The Complexity of Bisimilarity and Model Checking in Finitary Diagrams
2026-06-15 • Logic in Computer Science
Logic in Computer Science
AI summaryⓘ
The authors build on prior work by Dubut and others, who studied certain mathematical diagrams and how to decide when they behave similarly (bisimilarity). They improve complexity results for checking these diagram properties by developing a faster randomized algorithm for a key logical fragment involving invertible matrices. This leads them to lower the complexity bounds for bisimilarity and model checking problems related to finitary diagrams.

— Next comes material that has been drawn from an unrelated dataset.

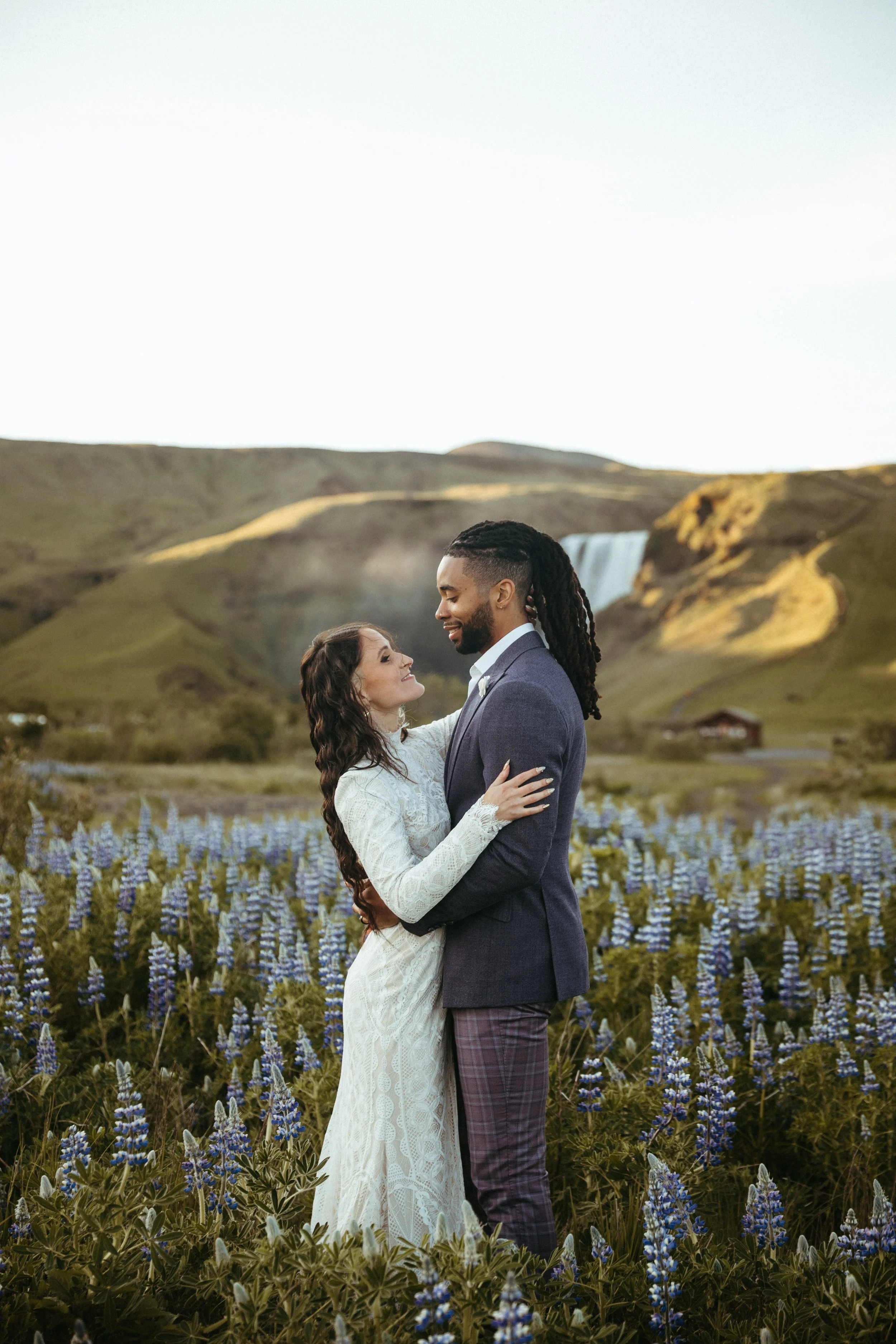 A couple embracing in a field of purple flowers with a waterfall and mountains in the background.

They also explore related problems with matrices constrained by determinant one and connect these to known mathematical theories, showing some equivalences in complexity.
finitary diagramsbisimilaritymodel checkingexistential theory of the realsinvertible matricesPSPACENEXPNP-hardnessquiver representationsspecial linear group
Authors
Markus Bläser, Sagnik Dutta, Samuel Okyay
Abstract
Inspired by the work of Dubut, Goubault, and Goubault-Larrecq (ICALP 2015) on natural homology, Dubut (RAMiCS 2020) introduces finitary diagrams and studies bisimilarity and diagrammatic path logics for them. To this aim, he defines a fragment of the existential theory of the reals, called the existential theory of invertible matrices (ETIM). Using a PSPACE upper bound for this fragment, he proves that for finitary diagrams, bisimilarity can be decided in EXPSPACE and model checking for diagrammatic path logic in PSPACE. We significantly improve both these bounds and settle the complexity of model checking for finitary diagrams. As our first main result, we show that there is an efficient randomized algorithm for ETIM. Combining this with the previous work by Dubut, we obtain an NEXP upper bound for bisimilarity of finitary diagrams and an NP upper bound for diagrammatic path logic. We also provide a matching NP-hardness proof for the latter. The hardness proof introduces constrained layered poset problems, which may be of independent interest, and connects them to finitary diagrams using Gabriel's theorem for representations of path quivers. For bisimilarity over finite fields, we further improve the upper bound to PSPACE. In ETIM, we quantify over invertible matrices. We finally ask what happens if we instead quantify over matrices from the special linear group, that is, of determinant one. We show that in this case, the resulting fragment is equivalent to the existential theory of the reals, under a mild generalization of the allowed linear constraints.